BACKGROUNDLung cancer is the most common cause of cancer-related mortality in both women and men. Yearly, there are 20,000 new cases in Poland, 80% of whom are diagnosed with NSCLC. In Poland and in several other European countries, squamous cell lung cancer is the most prevalent histological type among surgically treated patients.
In early stages, surgery (lobectomy or pneumonectomy) is the treatment of choice, however even in this group the treatment results are unsatisfactory, with approximately only 50% of patients surviving 5 years.
The most common pattern of treatment failure after surgery is tumor dissemination. A number of prospective clinical trials showed that addition of chemotherapy improves on average the overall survival of patients by approximately 5%.

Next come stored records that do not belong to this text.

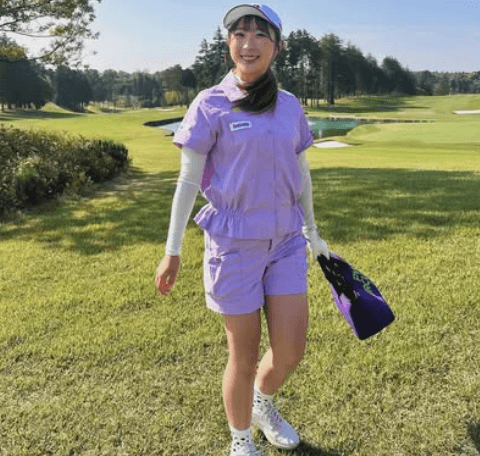「春ウェア姿…素敵ですね」美女ゴルファー、優雅なラウンドを堪能！ウェア姿フォト＆動画にファンうっとり「靴下かわいい」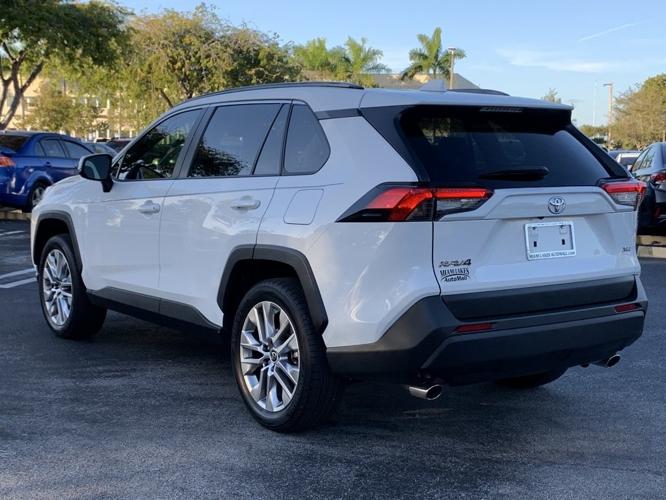 used 2019 toyota rav4 fwd xle premium miami lakes, fl 33014 for sale in hialeah, florida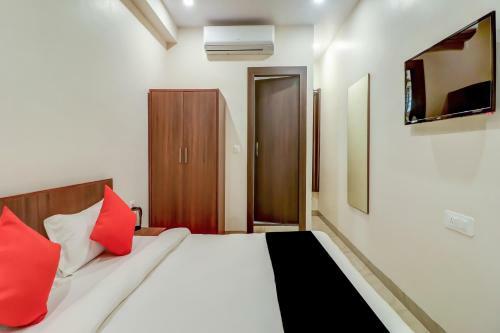 Hotel Collection O 80333 The Royal Hills Premium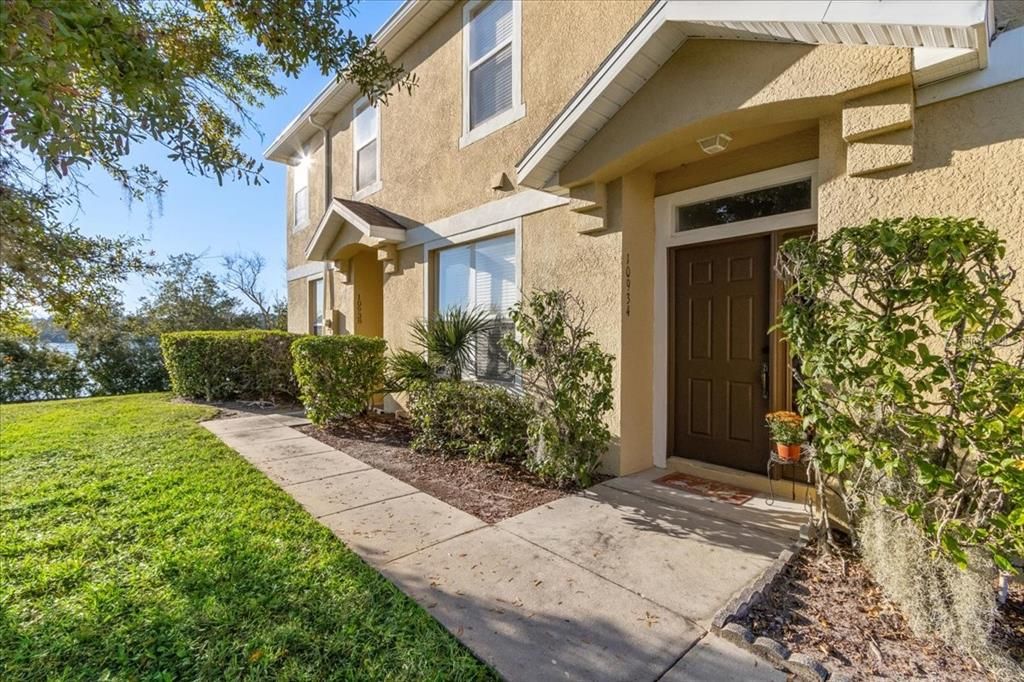 For Sale: $310,000 (2 beds, 2 baths, 1276 Square Feet)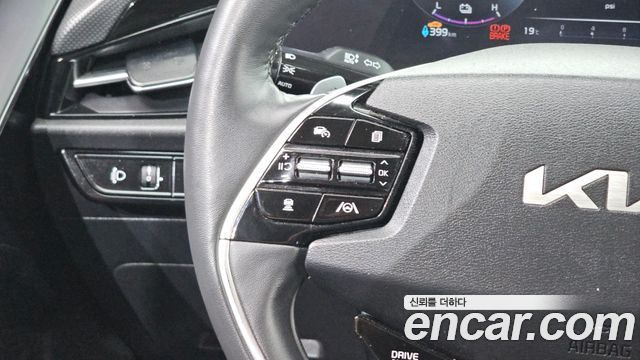 Kia Niro 2023 — photo 22
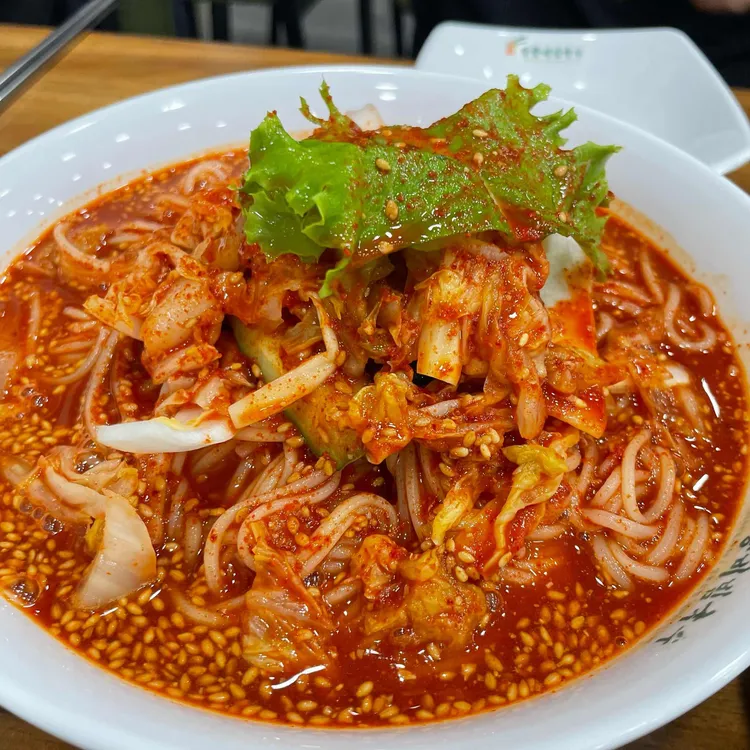망향비빔국수 대표 사진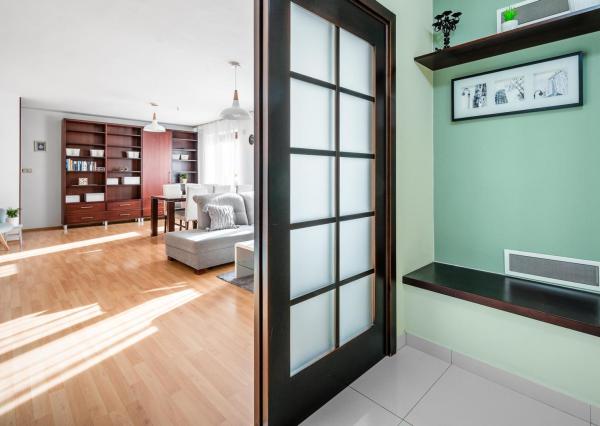 REZERVOVANÝ - Wealth Group ponúka exkluzívne na predaj 5 - izbový tehlový byt v Senci v blízkosti školy a škôlky, s vlastným kúrením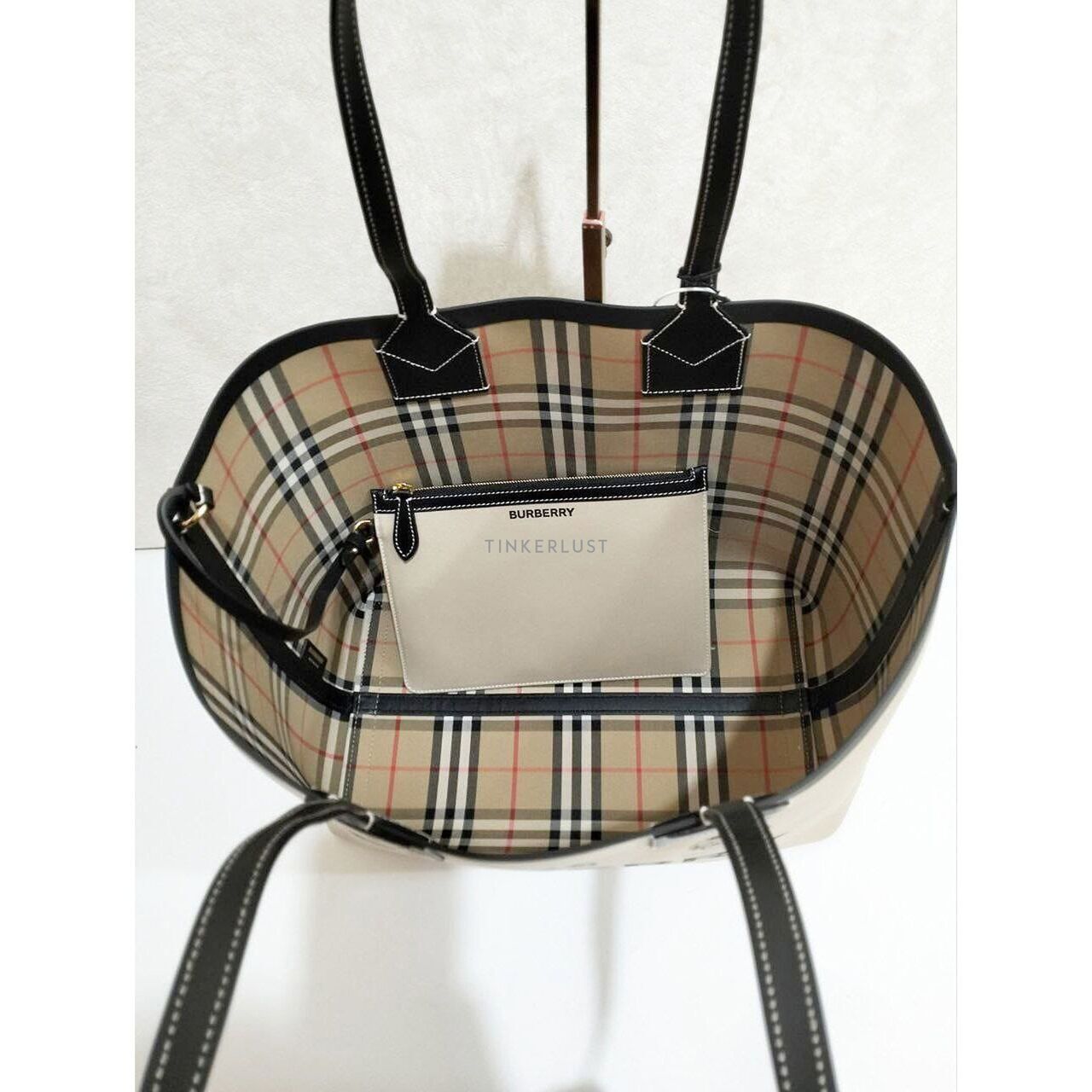 tas tote bag Burberry Reversible With Free Pouch in Beige Tote Bag Tinkerlust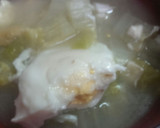 たまごと白菜とおあげの味噌汁作り方6写真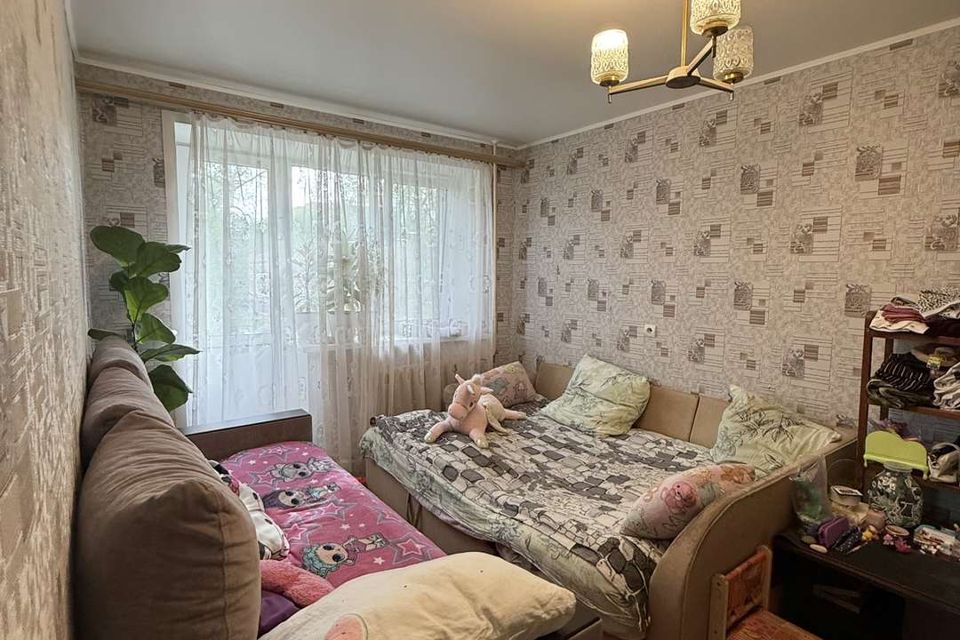 Продаётся 3-комнатная квартира, 52.3 м²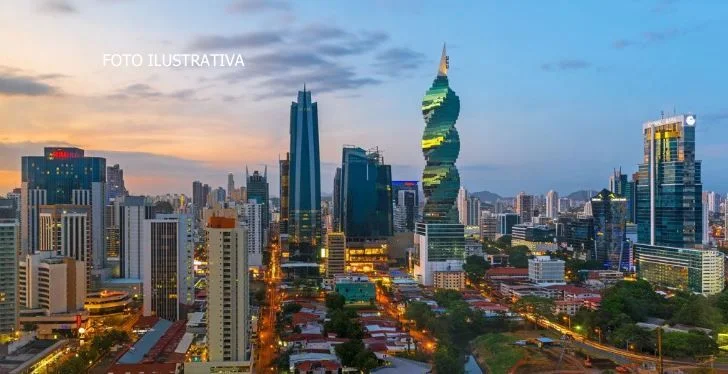 VENTA DE EDIFICIO COMERCIAL EN CALLE 50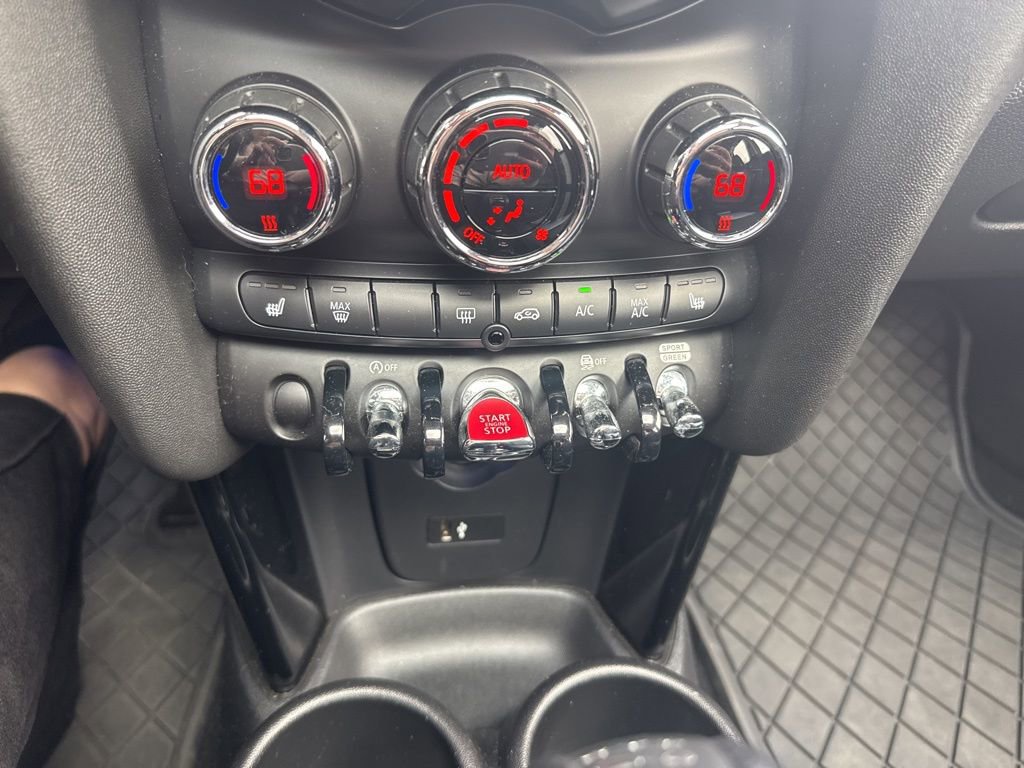 Used 2019 MINI Cooper S w/ Signature Upholstery Package image 25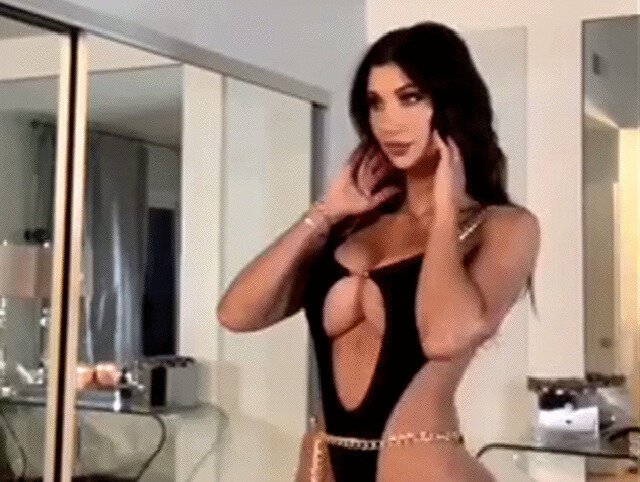 sarai rollins in answer #1688172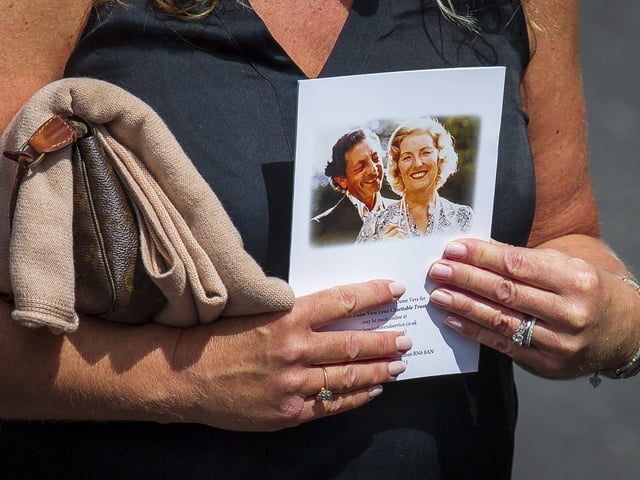 Crowds turn out for Dame Vera Lynn's funeral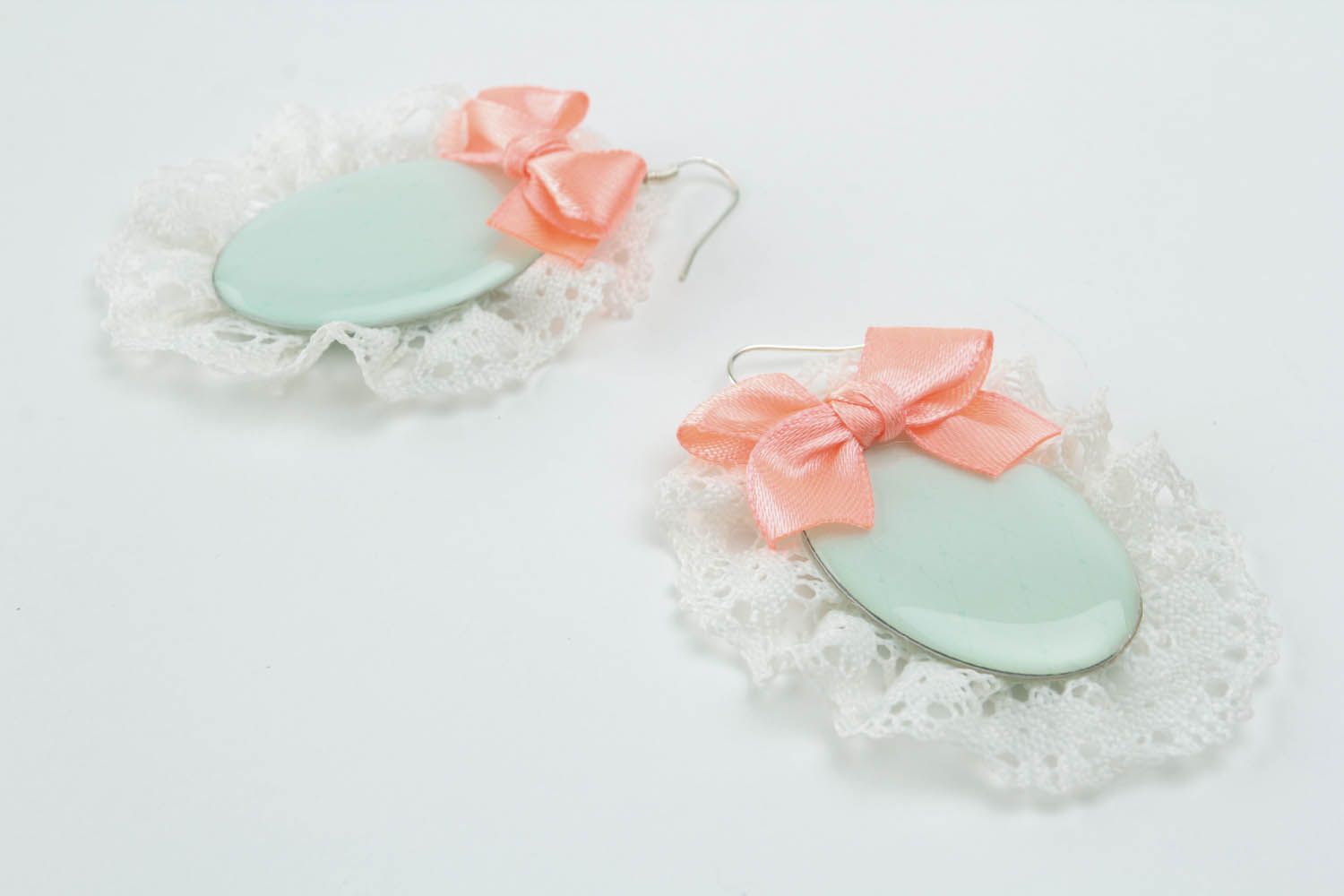 Earrings with lace and bows photo 1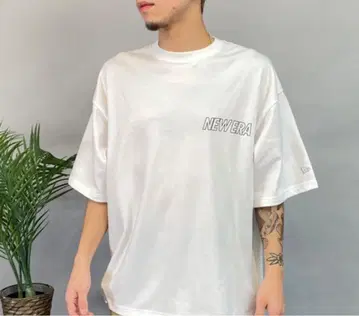 새상품 NEW ERA 뉴에라 티셔츠 화이트 L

In absolute numbers, this benefit only in Poland translates into 150 additionally saved patients yearly. However, to achieve this gain 3,000 patients need to receive postoperative chemotherapy, whereas only 50% of them will develop disease recurrence.
Currently, the only approved selection criterion for adjuvant treatment is pathologically assessed stage of disease. The prospective randomized studies have shown the benefit from adjuvant chemotherapy in stage II and III NSCLC patients. Still, if these groups are scrutinized, it turns out that around 40% of stage II and 25% of stage III patients will never recur and thus do not need any form of postoperative treatment.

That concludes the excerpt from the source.